=== Begin Enclosure ===

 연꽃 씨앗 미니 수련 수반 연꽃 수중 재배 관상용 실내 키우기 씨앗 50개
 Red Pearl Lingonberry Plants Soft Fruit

=== End Enclosure ===
=== Begin Enclosure ===

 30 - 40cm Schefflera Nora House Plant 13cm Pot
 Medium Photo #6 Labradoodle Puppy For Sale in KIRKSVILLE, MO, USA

=== End Enclosure ===

• **Problem description**: An exact copy of the lines above between the line holding "연꽃 씨앗 미니 수련 수반 연꽃 수중 재배 관상용 실내 키우기 씨앗 50개" and the line holding "Red Pearl Lingonberry Plants Soft Fruit", inclusive, is the whole answer.

• **Output for this task**:
 연꽃 씨앗 미니 수련 수반 연꽃 수중 재배 관상용 실내 키우기 씨앗 50개
 Red Pearl Lingonberry Plants Soft Fruit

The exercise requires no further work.